* Exercise: What appears from the first line of the data below through the line containing "VITAMINA B12 SOL GARDEN CPS", both included, should be copied exactly, and nothing else.
════
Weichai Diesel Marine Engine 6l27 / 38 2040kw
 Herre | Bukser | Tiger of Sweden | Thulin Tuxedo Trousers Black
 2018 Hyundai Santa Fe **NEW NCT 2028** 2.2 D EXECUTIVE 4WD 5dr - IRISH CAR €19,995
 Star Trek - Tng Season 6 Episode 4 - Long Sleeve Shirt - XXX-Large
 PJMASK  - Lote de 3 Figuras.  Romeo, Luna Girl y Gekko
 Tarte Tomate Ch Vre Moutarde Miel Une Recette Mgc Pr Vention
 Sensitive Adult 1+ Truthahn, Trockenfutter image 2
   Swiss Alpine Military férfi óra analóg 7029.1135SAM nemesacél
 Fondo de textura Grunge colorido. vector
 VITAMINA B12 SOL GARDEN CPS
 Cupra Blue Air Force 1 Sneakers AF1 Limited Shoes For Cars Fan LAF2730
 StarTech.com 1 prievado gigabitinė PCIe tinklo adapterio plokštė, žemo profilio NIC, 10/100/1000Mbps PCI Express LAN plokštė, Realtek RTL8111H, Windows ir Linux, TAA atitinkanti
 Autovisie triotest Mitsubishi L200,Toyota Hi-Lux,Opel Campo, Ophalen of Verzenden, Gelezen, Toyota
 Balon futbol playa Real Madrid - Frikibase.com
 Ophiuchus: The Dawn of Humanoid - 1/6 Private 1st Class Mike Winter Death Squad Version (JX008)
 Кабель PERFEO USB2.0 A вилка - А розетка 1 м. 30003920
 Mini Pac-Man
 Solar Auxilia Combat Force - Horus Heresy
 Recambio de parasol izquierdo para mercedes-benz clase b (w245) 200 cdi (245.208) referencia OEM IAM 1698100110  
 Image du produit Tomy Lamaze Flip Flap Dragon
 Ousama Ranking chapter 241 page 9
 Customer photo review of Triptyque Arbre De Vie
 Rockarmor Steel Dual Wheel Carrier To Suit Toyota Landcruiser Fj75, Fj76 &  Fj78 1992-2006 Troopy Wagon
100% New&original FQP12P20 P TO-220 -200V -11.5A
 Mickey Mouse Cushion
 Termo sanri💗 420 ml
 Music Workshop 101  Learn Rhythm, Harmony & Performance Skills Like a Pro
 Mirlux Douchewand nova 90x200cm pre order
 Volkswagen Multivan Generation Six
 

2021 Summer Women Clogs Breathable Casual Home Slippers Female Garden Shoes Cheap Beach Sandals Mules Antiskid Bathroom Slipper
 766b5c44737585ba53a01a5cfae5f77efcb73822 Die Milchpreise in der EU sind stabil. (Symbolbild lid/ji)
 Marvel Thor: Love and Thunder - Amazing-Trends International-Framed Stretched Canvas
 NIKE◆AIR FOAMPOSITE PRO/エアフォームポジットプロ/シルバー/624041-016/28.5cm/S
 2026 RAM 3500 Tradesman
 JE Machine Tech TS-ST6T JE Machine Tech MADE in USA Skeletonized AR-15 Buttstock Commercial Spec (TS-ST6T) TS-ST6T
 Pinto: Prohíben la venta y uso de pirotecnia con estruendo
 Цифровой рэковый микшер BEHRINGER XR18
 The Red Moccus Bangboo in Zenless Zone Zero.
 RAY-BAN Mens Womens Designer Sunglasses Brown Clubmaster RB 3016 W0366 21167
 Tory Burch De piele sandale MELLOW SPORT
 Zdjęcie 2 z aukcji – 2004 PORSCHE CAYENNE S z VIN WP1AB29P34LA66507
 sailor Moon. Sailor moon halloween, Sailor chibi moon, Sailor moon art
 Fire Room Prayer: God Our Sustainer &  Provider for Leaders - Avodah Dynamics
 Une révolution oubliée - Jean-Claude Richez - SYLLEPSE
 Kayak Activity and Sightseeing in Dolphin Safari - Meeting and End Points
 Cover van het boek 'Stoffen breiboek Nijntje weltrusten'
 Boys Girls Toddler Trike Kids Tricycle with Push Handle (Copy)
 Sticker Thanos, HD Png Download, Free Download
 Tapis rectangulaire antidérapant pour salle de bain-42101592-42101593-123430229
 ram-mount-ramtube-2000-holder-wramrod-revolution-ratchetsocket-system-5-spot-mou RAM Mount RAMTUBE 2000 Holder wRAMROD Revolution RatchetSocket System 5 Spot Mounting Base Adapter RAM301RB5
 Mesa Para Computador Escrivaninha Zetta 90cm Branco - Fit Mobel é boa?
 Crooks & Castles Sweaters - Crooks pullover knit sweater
════
* Result of this task:
Weichai Diesel Marine Engine 6l27 / 38 2040kw
 Herre | Bukser | Tiger of Sweden | Thulin Tuxedo Trousers Black
 2018 Hyundai Santa Fe **NEW NCT 2028** 2.2 D EXECUTIVE 4WD 5dr - IRISH CAR €19,995
 Star Trek - Tng Season 6 Episode 4 - Long Sleeve Shirt - XXX-Large
 PJMASK  - Lote de 3 Figuras.  Romeo, Luna Girl y Gekko
 Tarte Tomate Ch Vre Moutarde Miel Une Recette Mgc Pr Vention
 Sensitive Adult 1+ Truthahn, Trockenfutter image 2
   Swiss Alpine Military férfi óra analóg 7029.1135SAM nemesacél
 Fondo de textura Grunge colorido. vector
 VITAMINA B12 SOL GARDEN CPS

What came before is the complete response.